**To do:** Without the pictures, write the listing below out again, line for line.

**Source material:**
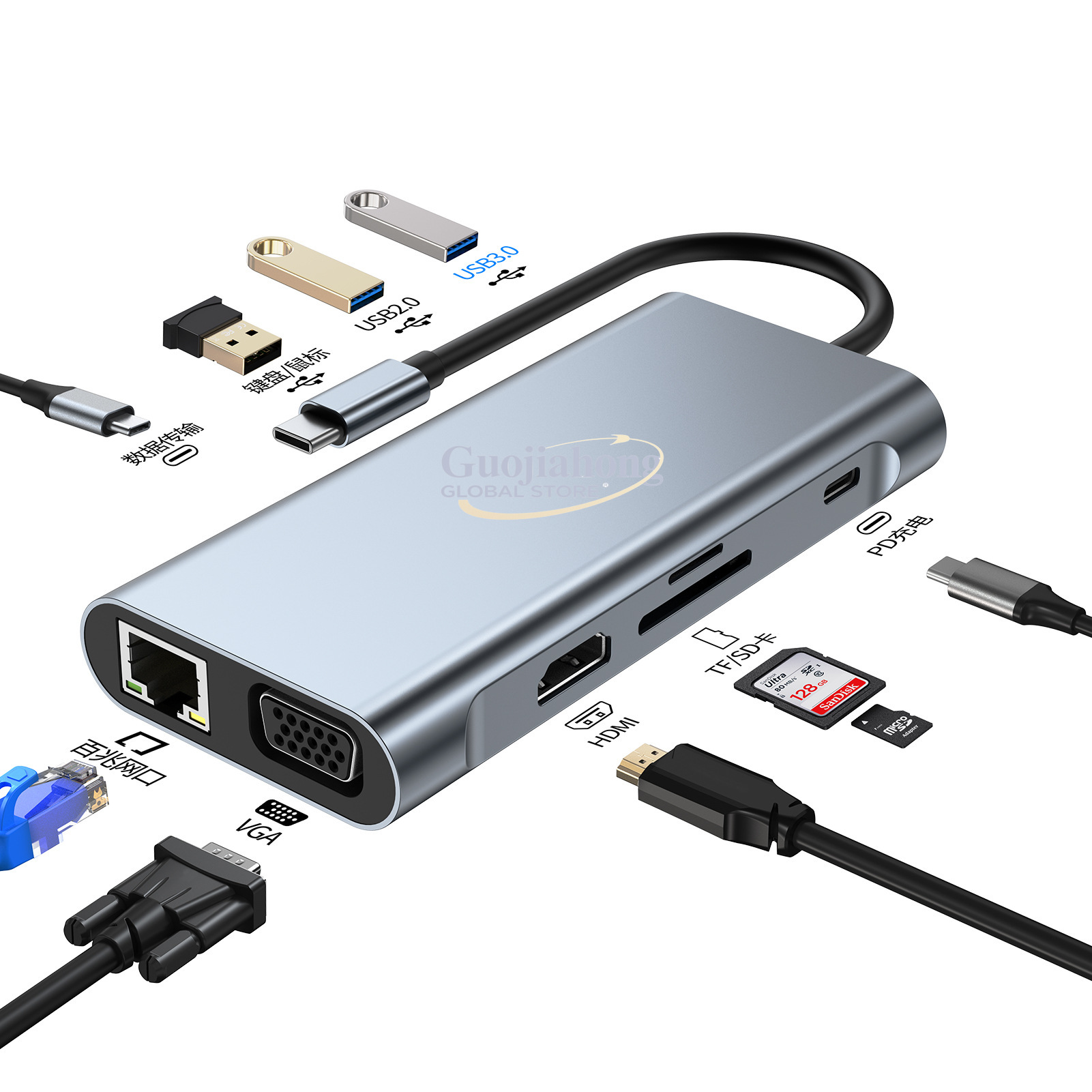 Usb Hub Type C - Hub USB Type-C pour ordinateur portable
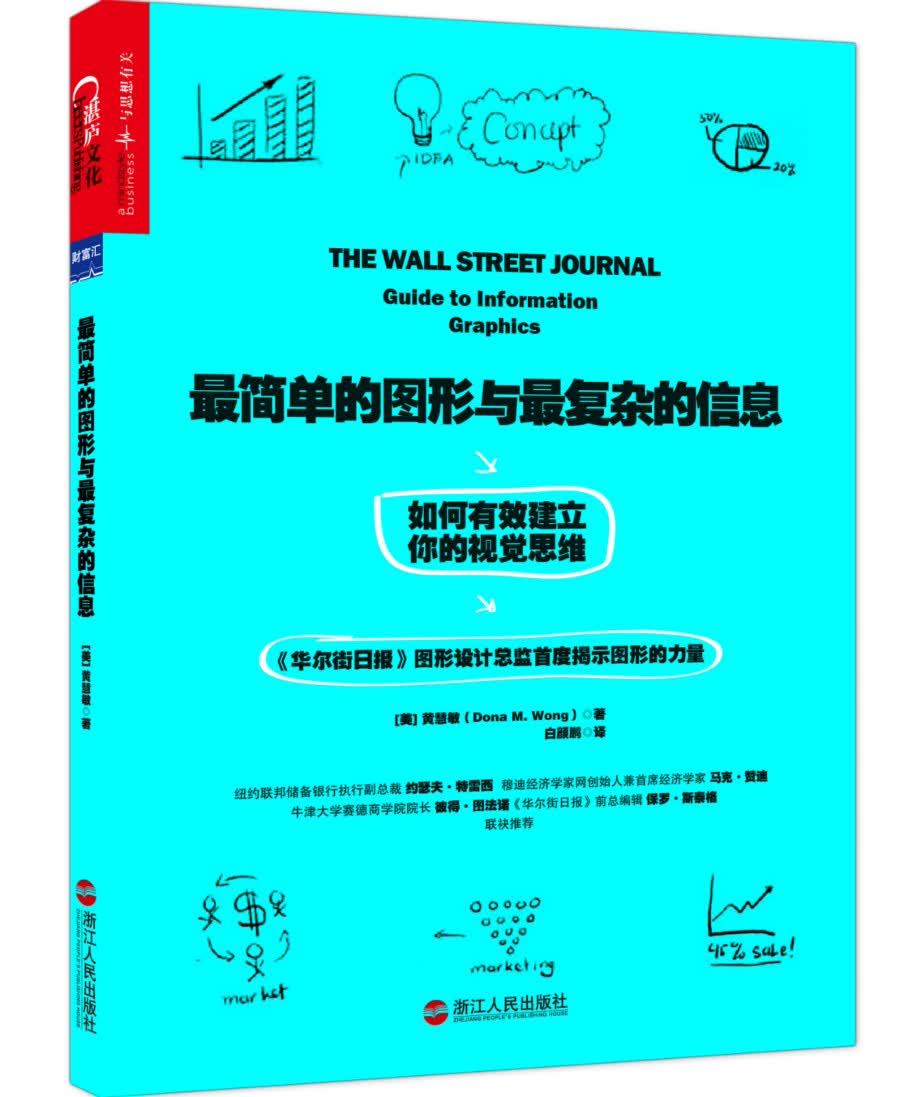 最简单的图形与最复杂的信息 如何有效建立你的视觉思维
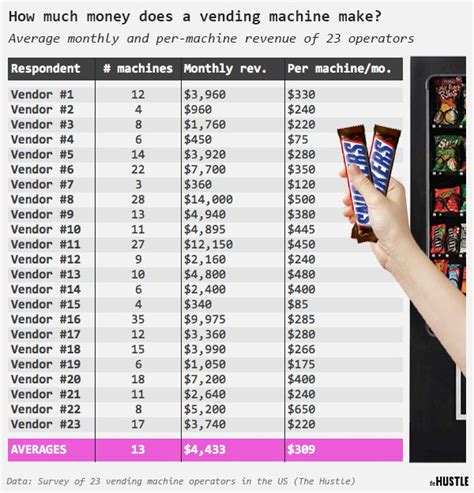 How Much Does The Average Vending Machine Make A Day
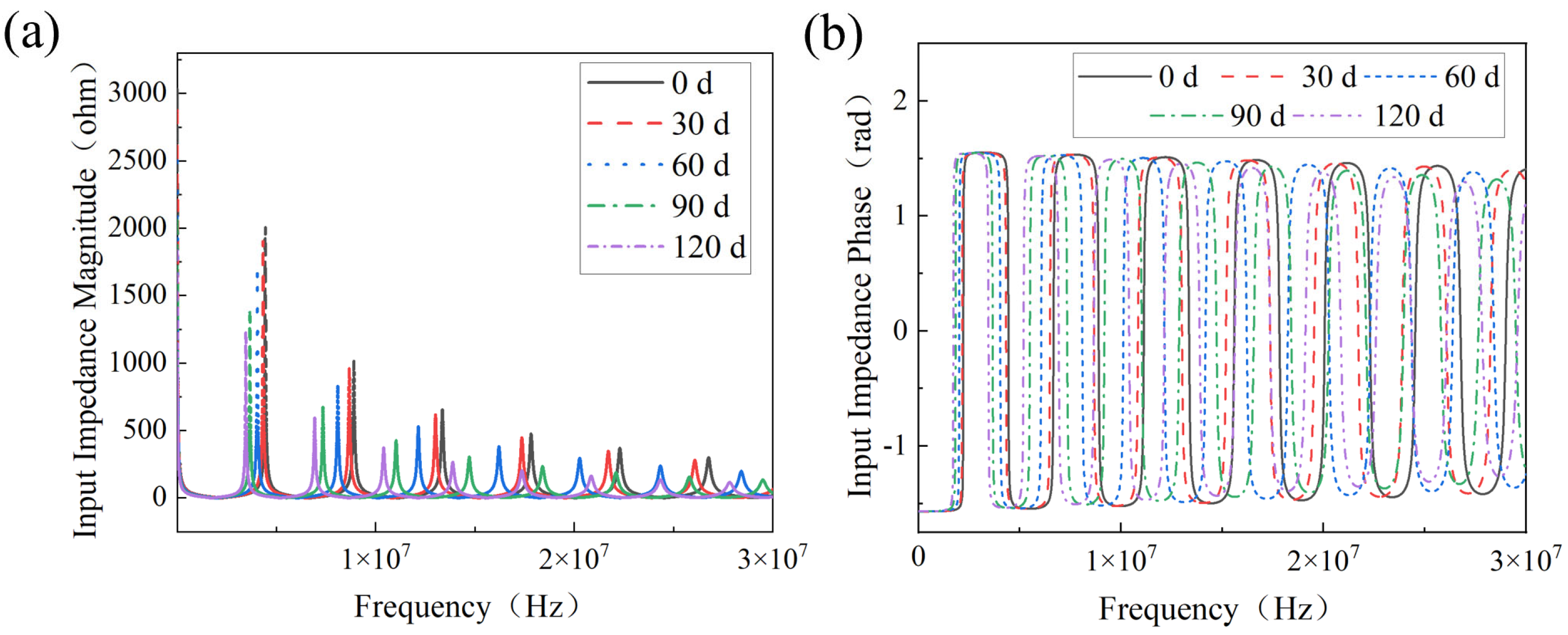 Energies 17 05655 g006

**Task result:**
 Usb Hub Type C - Hub USB Type-C pour ordinateur portable
 最简单的图形与最复杂的信息 如何有效建立你的视觉思维
 How Much Does The Average Vending Machine Make A Day
 Energies 17 05655 g006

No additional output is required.